*** Entries supplied ***
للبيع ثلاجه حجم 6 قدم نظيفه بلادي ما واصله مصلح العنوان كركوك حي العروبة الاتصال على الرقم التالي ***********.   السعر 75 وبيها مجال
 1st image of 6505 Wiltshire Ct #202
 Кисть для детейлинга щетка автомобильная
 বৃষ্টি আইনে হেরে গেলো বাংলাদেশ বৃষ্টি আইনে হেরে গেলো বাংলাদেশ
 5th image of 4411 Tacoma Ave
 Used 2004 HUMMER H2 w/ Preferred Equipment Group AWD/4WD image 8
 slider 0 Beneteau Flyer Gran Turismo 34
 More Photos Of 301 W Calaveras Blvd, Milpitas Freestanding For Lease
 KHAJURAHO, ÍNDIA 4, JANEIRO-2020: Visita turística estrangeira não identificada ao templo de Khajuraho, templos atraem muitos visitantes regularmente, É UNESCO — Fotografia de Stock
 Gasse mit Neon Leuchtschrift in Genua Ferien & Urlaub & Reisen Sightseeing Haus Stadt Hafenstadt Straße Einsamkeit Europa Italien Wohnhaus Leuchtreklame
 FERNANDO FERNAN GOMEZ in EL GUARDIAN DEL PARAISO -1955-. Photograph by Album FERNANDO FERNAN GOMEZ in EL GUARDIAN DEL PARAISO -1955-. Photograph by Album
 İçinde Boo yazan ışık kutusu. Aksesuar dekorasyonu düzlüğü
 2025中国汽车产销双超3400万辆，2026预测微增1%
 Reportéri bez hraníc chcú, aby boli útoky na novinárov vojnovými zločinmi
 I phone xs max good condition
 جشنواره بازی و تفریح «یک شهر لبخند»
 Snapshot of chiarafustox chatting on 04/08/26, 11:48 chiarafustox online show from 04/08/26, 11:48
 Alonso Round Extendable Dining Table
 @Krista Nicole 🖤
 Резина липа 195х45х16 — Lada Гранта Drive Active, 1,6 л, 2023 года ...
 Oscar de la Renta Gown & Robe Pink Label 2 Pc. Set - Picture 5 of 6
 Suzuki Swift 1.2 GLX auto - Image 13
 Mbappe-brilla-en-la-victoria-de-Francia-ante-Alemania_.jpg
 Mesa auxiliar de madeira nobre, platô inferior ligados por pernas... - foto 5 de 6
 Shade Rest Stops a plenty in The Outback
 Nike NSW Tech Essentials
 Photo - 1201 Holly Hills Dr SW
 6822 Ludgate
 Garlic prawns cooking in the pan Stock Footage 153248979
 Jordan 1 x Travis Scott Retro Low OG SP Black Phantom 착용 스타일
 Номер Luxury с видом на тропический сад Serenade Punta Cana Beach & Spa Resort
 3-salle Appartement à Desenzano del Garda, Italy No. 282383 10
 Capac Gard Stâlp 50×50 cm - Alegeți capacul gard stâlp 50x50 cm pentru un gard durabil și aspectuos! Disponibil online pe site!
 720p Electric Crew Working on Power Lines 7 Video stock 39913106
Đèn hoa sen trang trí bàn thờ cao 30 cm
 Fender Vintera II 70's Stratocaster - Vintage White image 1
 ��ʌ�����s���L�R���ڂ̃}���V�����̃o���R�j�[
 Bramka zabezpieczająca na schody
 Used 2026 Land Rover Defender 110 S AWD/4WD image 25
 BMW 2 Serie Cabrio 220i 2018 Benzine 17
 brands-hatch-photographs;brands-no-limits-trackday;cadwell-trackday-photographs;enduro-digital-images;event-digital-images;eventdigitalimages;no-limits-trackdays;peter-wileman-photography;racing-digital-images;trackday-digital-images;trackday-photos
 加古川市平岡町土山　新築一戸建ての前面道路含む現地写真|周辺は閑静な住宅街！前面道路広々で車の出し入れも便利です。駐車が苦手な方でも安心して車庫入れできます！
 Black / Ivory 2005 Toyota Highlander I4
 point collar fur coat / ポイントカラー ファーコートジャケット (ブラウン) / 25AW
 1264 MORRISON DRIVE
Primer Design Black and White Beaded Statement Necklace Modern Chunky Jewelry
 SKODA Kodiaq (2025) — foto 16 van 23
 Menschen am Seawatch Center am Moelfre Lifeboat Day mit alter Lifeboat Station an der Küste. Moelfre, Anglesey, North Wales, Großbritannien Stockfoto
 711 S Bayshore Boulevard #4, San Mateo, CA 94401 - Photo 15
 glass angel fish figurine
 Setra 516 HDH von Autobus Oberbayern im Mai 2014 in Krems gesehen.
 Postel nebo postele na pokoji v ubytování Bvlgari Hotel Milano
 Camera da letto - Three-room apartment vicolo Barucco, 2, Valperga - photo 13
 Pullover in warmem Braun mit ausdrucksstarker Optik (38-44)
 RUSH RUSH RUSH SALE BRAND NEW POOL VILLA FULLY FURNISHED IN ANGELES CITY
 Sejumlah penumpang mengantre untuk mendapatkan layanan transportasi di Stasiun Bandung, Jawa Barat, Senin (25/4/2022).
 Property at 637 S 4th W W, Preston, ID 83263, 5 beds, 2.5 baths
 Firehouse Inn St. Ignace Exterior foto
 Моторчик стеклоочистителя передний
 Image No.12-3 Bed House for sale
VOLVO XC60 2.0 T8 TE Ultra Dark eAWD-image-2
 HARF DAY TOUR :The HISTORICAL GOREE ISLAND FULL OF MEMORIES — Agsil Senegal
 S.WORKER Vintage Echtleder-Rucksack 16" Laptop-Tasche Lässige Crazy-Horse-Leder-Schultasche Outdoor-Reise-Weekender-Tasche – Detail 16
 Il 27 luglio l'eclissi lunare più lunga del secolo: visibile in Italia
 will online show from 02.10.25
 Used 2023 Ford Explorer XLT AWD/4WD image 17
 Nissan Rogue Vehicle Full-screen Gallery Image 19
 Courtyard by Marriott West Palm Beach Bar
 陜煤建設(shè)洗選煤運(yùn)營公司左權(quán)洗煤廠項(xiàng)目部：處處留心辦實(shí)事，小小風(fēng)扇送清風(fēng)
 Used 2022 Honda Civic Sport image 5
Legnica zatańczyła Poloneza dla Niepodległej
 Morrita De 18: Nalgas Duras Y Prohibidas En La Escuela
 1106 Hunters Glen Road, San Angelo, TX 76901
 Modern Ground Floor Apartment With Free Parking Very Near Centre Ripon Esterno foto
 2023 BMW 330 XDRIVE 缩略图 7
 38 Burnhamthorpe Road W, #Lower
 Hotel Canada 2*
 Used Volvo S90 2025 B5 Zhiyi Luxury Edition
*** End of Entries supplied ***
What is needed is a verbatim copy of every line in the records above from the one containing "Đèn hoa sen trang trí bàn thờ cao 30 cm" down to the one containing "BMW 2 Serie Cabrio 220i 2018 Benzine 17", both included, and nothing more.

The answer:
Đèn hoa sen trang trí bàn thờ cao 30 cm
 Fender Vintera II 70's Stratocaster - Vintage White image 1
 ��ʌ�����s���L�R���ڂ̃}���V�����̃o���R�j�[
 Bramka zabezpieczająca na schody
 Used 2026 Land Rover Defender 110 S AWD/4WD image 25
 BMW 2 Serie Cabrio 220i 2018 Benzine 17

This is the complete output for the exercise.